▶ _Problem statement_: Please restate, word for word, the lines below that begin at the one with "Poster - Deforestation" and end at the one with "Áo Sơ Mi Rút". Leave out all other lines.

▶ _Task material_:
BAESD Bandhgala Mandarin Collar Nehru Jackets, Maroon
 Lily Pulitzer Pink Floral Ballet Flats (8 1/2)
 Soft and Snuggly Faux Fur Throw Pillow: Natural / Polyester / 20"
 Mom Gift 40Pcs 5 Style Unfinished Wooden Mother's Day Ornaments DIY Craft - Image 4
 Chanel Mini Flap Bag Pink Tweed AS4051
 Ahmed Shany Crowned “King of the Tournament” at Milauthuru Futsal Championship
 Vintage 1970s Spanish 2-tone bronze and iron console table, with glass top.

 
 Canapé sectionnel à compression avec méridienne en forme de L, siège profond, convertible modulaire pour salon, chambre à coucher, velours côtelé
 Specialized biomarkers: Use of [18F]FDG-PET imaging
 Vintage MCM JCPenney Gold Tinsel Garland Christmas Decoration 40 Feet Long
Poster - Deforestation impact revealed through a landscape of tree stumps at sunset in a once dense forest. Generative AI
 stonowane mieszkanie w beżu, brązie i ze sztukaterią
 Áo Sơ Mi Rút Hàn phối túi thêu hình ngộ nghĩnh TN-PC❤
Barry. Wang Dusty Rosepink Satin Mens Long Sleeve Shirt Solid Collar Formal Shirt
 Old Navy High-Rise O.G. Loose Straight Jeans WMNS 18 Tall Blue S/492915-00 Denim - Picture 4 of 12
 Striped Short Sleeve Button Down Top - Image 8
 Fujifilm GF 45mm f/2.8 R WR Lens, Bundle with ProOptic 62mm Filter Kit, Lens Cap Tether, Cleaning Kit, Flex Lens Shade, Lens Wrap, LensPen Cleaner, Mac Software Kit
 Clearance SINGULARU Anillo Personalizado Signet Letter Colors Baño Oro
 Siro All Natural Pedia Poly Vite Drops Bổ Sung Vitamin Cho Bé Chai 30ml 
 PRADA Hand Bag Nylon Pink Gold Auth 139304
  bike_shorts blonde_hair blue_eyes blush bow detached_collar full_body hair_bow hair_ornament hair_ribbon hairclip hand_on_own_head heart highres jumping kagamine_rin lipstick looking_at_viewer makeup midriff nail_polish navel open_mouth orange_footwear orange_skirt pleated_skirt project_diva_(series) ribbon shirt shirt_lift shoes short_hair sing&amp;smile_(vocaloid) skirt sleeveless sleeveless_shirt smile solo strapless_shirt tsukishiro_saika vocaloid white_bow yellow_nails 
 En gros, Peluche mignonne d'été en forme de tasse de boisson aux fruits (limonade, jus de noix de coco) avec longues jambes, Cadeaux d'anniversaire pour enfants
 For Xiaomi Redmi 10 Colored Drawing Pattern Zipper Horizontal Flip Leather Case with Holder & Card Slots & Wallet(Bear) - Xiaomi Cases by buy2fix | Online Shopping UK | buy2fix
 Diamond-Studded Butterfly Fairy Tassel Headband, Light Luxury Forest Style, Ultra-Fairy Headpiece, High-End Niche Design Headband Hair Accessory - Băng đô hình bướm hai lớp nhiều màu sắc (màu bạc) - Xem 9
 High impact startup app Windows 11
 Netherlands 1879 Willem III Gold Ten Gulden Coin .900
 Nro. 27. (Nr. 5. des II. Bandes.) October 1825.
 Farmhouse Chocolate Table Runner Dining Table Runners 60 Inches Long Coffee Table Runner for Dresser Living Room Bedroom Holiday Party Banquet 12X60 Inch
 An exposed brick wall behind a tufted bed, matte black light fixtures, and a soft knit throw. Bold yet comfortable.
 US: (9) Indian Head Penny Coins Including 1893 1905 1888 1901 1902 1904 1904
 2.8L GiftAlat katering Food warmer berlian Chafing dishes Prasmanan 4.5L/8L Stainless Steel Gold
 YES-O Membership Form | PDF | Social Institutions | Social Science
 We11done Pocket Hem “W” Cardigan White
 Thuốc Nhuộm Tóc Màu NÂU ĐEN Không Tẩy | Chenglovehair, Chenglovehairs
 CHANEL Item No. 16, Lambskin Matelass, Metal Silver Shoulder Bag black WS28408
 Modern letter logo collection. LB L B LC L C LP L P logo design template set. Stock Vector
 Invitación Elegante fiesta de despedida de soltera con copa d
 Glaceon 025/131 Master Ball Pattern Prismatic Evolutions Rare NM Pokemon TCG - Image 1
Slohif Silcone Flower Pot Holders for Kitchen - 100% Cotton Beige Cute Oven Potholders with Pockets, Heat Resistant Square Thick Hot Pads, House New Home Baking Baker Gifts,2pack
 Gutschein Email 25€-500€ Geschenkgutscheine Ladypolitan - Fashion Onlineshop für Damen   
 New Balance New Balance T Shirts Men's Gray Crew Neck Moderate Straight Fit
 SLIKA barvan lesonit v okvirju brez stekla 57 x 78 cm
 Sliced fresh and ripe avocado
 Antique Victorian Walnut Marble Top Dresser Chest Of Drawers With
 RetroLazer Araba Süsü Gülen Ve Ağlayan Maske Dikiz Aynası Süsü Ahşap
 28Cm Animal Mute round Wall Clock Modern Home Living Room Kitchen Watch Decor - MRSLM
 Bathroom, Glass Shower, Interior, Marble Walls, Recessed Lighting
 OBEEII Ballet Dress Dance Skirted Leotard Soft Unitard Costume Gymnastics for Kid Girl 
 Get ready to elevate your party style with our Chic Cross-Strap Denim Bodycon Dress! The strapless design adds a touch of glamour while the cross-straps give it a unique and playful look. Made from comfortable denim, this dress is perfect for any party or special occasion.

▶ _Exercise answer_:
Poster - Deforestation impact revealed through a landscape of tree stumps at sunset in a once dense forest. Generative AI
 stonowane mieszkanie w beżu, brązie i ze sztukaterią
 Áo Sơ Mi Rút Hàn phối túi thêu hình ngộ nghĩnh TN-PC❤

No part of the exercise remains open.